Obama harassed by hecklers in Florida

Former President Barack Obama on Friday was heckled several times in a Florida appearance to help Democrats, and said the heckling shows Republicans are already angry about losing ground in next week’s midterm elections.

“We’re OK, we’re OK,” Obama said after the first heckler interrupted his remarks in Miami.

“This is what I look forward to, is to have a few hecklers to get me back in the mood,” he said to cheers. “It’s like I enjoy that.
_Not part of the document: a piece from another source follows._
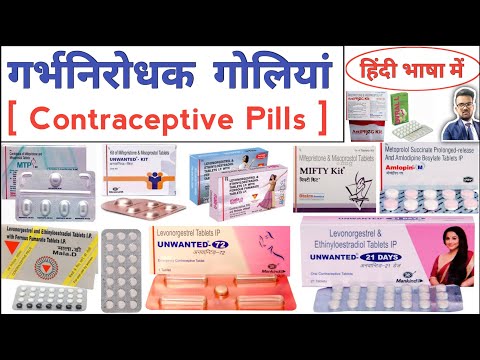 गर्भनिरोधक गोलियों | Contraceptive Pills | MTP kit | Unwanted 72 | Mala D | Pharmacy | Medicine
You always got to have a few in order to know that you’re on the campaign trail.”

But after another interruption, Obama became more annoyed.

“Here’s the deal,” he said. “If you support the other candidate, maybe you should go support the other candidate.”
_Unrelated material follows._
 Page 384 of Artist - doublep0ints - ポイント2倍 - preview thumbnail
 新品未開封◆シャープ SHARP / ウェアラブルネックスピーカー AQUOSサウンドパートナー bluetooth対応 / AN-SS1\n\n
“One of the things I never understood was why if you supported the other guy you’d come to my rally,” he said.


After a third interruption, Obama said the harassment is a sign Republicans are growing nervous.

“It’s an old playbook,” he said. “It’s one that the powerful and the privileged turn to whenever control starts slipping away.”

“They’ll get folks riled up just to protect their power and their privilege, even when it hurts the country, even when it puts people at risk,” Obama said.

“It’s as cynical as politics gets,” he added. “But in four days, in four days Florida, you can reject that kind of politics.”

He repeated that charge again after a fourth interruption.

“Why is it that the folks that won the last election are so mad all the time?” Obama asked.

Obama was in Florida to help Tallahassee Mayor Andrew Gillum become the next governor of the state, and Sen. Bill Nelson defend his Senate seat. Nelson is down in some polls to current Gov. Rick Scott, and some polls give Gillum a slight lead over Rep. Ron DeSantis.